TWISTS IN THE ROAD, No. 1

In the Delta, 1974

BY ROBERT DIGITALE

Huck Finn had the mighty Mississippi, but growing up my friends and I found refuge along a wooded section of the Sacramento River.

The muddy Sacramento flows slowly between fat levees en route to an expansive delta and a sprawling bay beside the Golden Gate. From the arching freeway bridges of Highway 80 the waters look tamed and constricted. But below the city of Sacramento the river extends for miles, long enough for a grand adventure or the chance to get yourself into real trouble. And in a few places the levees sit back far enough to provide an inner bank for exploring – a no-man’s land filled with sickly looking cottonwood trees and thickets of pale brush.

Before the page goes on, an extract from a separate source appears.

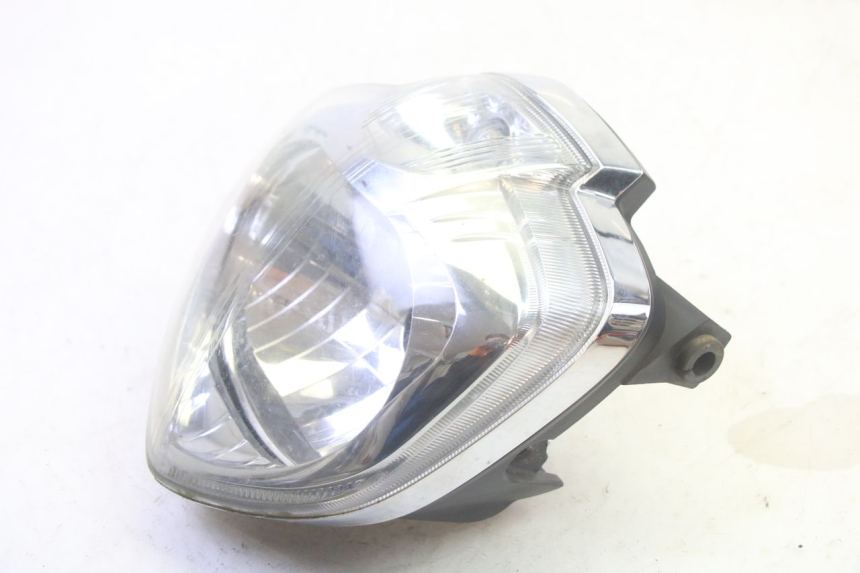 photo de FARO ANTERIORE YAMAHA FZ6 N FAZER 600 (2004 - 2006) - Zoom sullo stato d'uso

Along one such embankment, at the site of a former marina, a few friends first brought me during my ninth-grade year. They had joined a Sea Scout troop,  “Ship 30,” and they wanted me to come along. On the outskirts of West Sacramento, the group had amassed an odd collection of surplus World War II vessels, including a rusting steel barge and a 45-foot wooden patrol boat that the U.S. Coast Guard had deemed unfit for cruising. Even so, the ship’s members talked of delta voyages to such locales as Steamboat Slough, Hogback Island and Rio Vista. And they spoke of dances and a summer rendezvous at King Island where you could meet girls, or “Mariners” as they called them. That was enough for me. I joined and started wearing the navy dungarees and light blue work shirts.

The Sea Scout base, circa 1975

Almost every Saturday we had work parties at our secluded base. One day there three friends, Ron, Mike and Pat, watched as a couple of girls rode horses down the levee and into the woods. A few moments later came the sound girls screaming and horses thrashing in the brush. At once my three friends leapt to the rescue, rushing along a wooden dock and up a crumbling dirt bank. Pat led the way with Ron close behind him. As they neared the girls, Pat tripped and fell. He got up and fell again. He began to scream. Then a swarm of insects attacked Ron.

Apparently one of the horses had stepped into a wasp’s nest hidden in the earth. Pat also must have found it, because the wasps went up his dungarees. Ron, meanwhile, had them all over his back. He turned to Mike, who had stepped back from the fracas. Ron begged, “Get ‘em off me!”  Mike did what he does best is such situations. He laughed and laughed.

Pat and Ron made for the river. Those back at the barge said later that they looked like two rag dolls careening down the embankment. The cold waters brought relief for Ron, but Pat still had to pull down his dungarees to get rid of the wasps. Both had been stung close to 40 times.

Ron’s back was going to look like he had developed a case of gargantuan chicken pox. Even so, he always could find a thread of humor amid life’s chaos. As he swam back to shore, he noticed the second hand on his soaked wristwatch was still moving. He lifted it high and shouted, “And the Timex is still ticking!”